Content starts

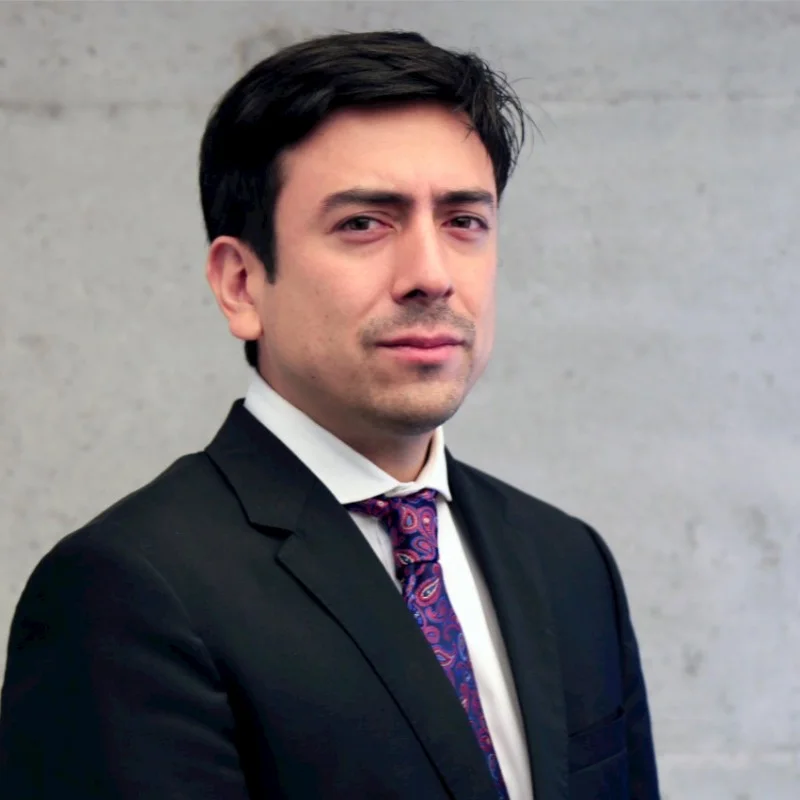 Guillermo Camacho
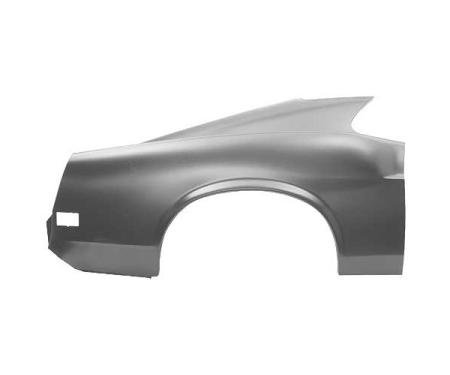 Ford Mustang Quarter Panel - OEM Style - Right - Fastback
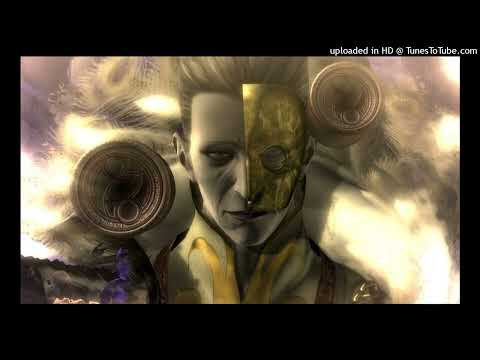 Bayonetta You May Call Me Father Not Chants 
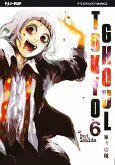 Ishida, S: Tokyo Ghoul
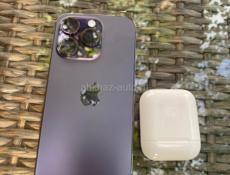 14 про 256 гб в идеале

Content ends
Content starts

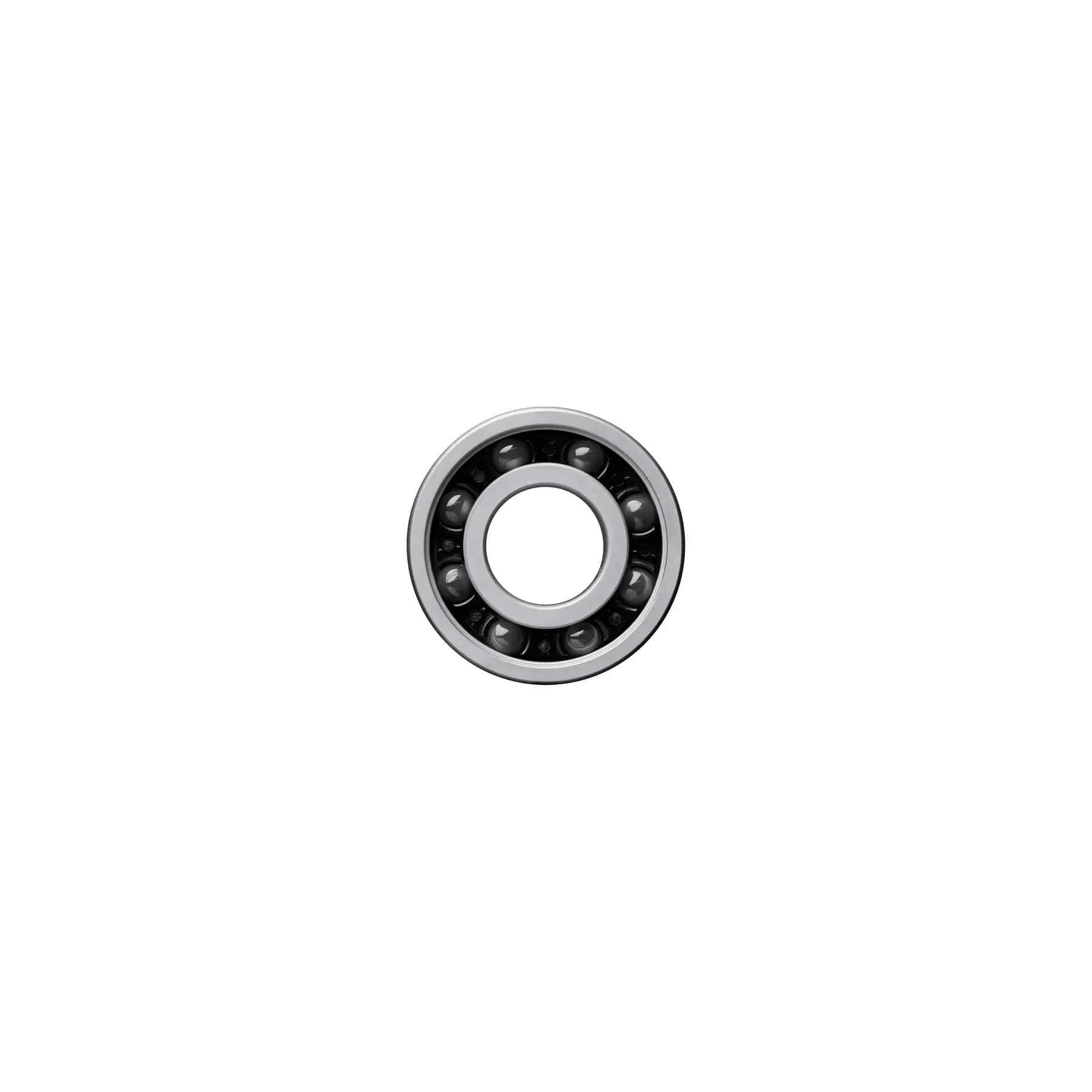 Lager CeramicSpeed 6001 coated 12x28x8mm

Content ends

> [WORK ORDER]
Here the job is to copy the stretch of records from the line containing "Bayonetta You May Call Me Father Not Chants" through the line containing "14 про 256 гб в идеале", word for word. Leave every picture out.

> [EXERCISE RESULT]
 Bayonetta You May Call Me Father Not Chants 
 Ishida, S: Tokyo Ghoul
 14 про 256 гб в идеале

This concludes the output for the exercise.